Right-wing violence is terrorising America, not Muslim extremism
Jonathan Power says gun and racial violence inflict more harm on the US than international terrorists, yet rank lower in policy priority

Were the killings in the church in Charleston terrorism, meant to intimidate the black population of America? Of course they were. Moreover, they were a reflection of the still widespread white hatred for America's first black president, Barack Obama.
Indeed, as a commentary in The New York Times put it last week: "The main terrorist threat in the US is not from violent Muslim extremists, but from right-wing extremists. Just ask the police."
The number of violent plots carried out by international terrorists remains very low and most attempts were disrupted. Last year, not one US citizen at home died from international terrorism. The number of Americans killed abroad was 24. In contrast, at home, right-wing, white extremists made 337 attacks per year in the decade after September 11, causing 254 fatalities. So much for attacks by al-Qaeda-type terrorists.

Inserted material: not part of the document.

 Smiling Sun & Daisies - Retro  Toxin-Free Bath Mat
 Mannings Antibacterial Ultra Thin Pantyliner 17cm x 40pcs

Nevertheless, if one looks at it from a worldwide perspective, there was last year an increase in the number of terrorist attacks, jumping by 35 per cent in a single year, but overwhelmingly concentrated in the Middle East, principally in Iraq.
The misinformation that most Americans suffer from, thanks to a slanted media and the frenzy of mainly Republican politicians, is extremely worrying, not least because it is pushing Obama back into the sinkhole of Middle Eastern self-destructiveness.
He has expanded the bombing of Syria and Islamic State, and has deployed hundreds of troops to train the Iraqi army.